- [Data supplied]
++++++++++

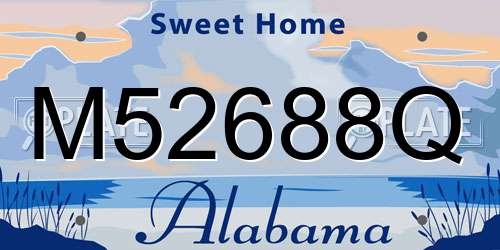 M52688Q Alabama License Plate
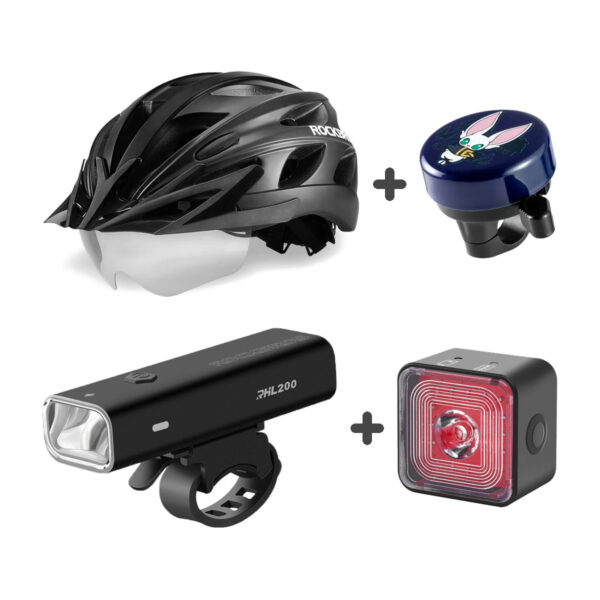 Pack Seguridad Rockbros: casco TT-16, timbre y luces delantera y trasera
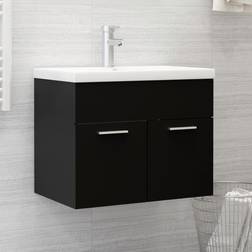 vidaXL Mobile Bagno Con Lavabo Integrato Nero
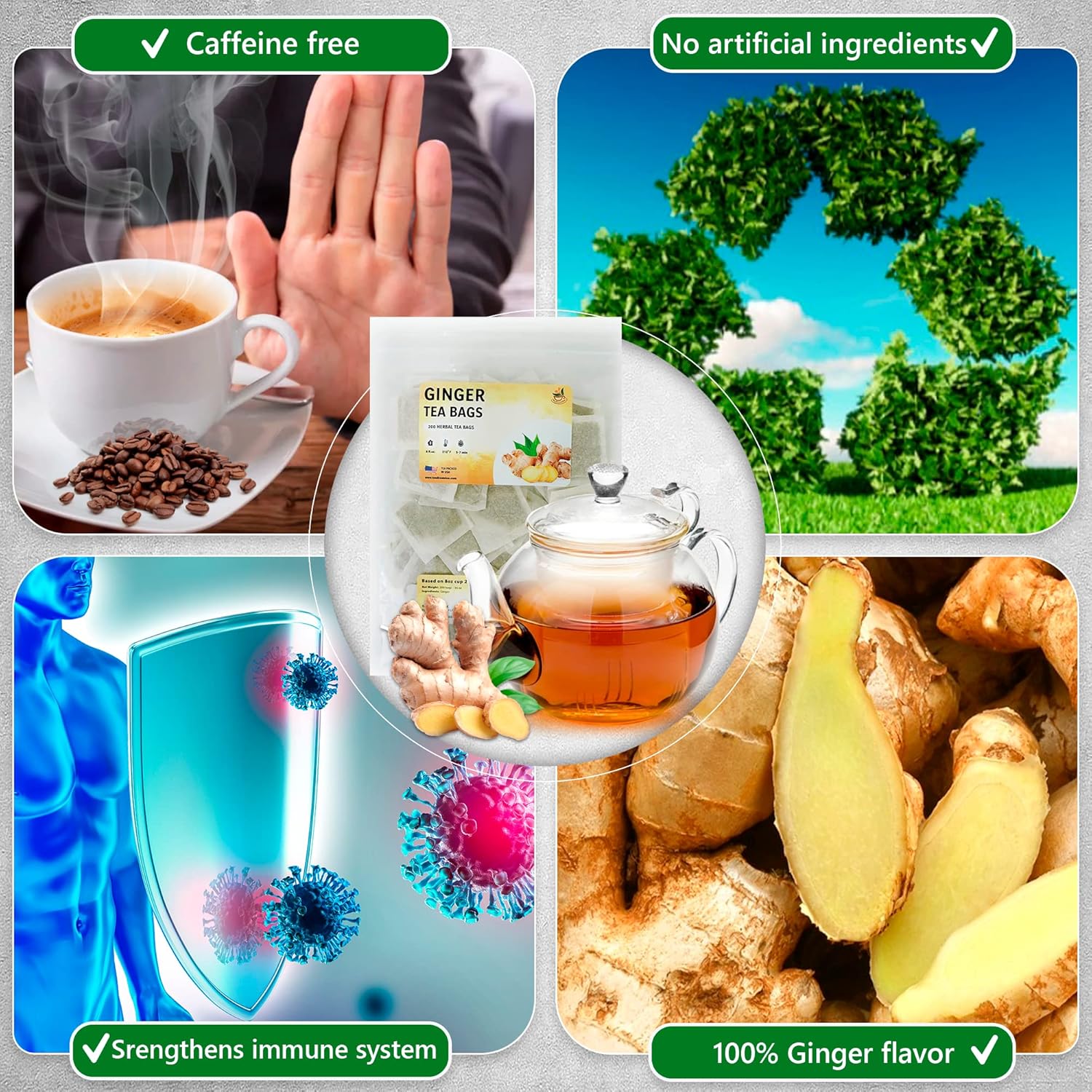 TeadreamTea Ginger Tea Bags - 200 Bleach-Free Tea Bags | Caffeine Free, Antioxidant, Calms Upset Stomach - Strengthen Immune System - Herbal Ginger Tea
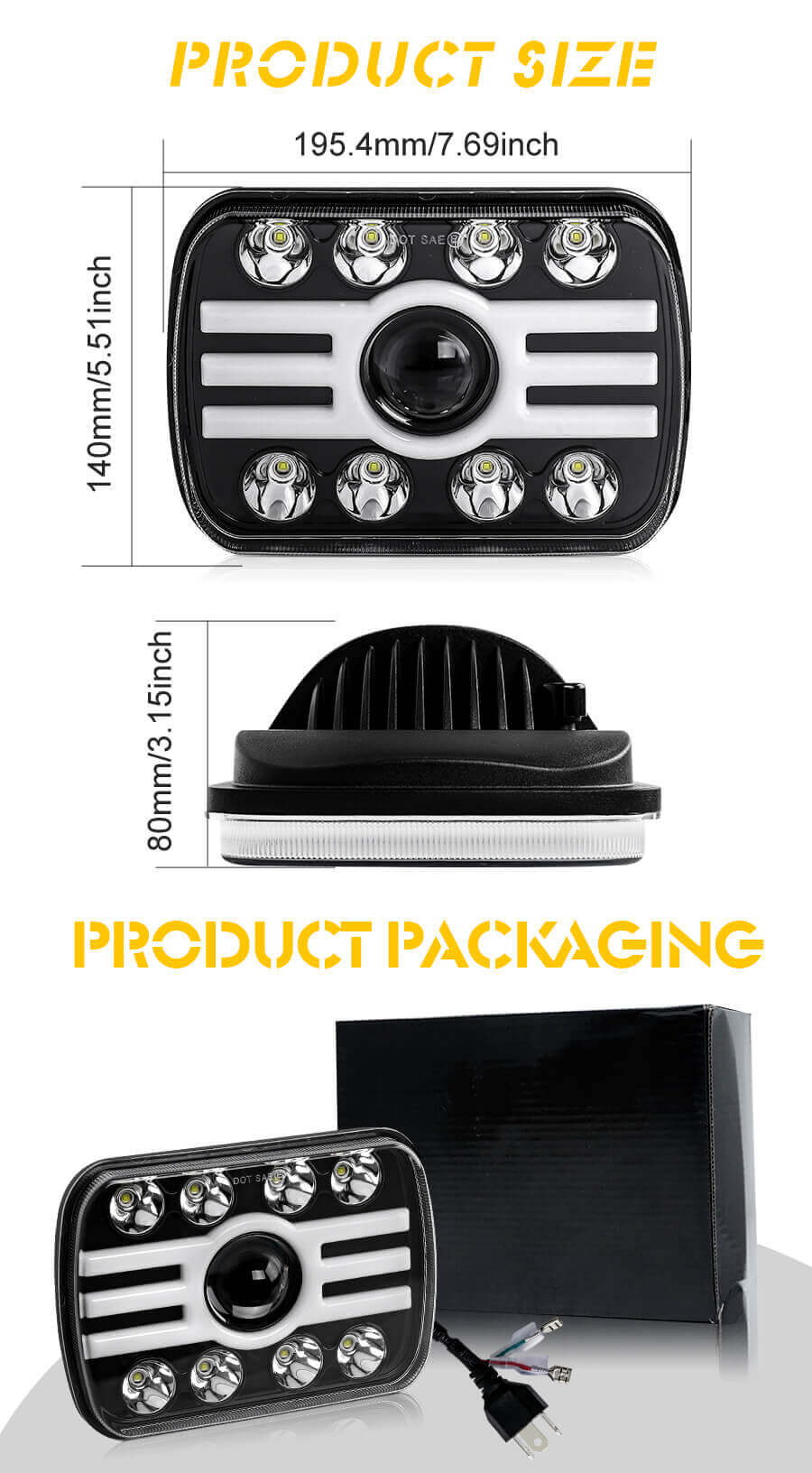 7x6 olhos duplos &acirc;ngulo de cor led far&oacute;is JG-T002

++++++++++

Each line of the records is to be reproduced exactly, and each picture dropped.

 M52688Q Alabama License Plate
 Pack Seguridad Rockbros: casco TT-16, timbre y luces delantera y trasera
 vidaXL Mobile Bagno Con Lavabo Integrato Nero
 TeadreamTea Ginger Tea Bags - 200 Bleach-Free Tea Bags | Caffeine Free, Antioxidant, Calms Upset Stomach - Strengthen Immune System - Herbal Ginger Tea
 7x6 olhos duplos &acirc;ngulo de cor led far&oacute;is JG-T002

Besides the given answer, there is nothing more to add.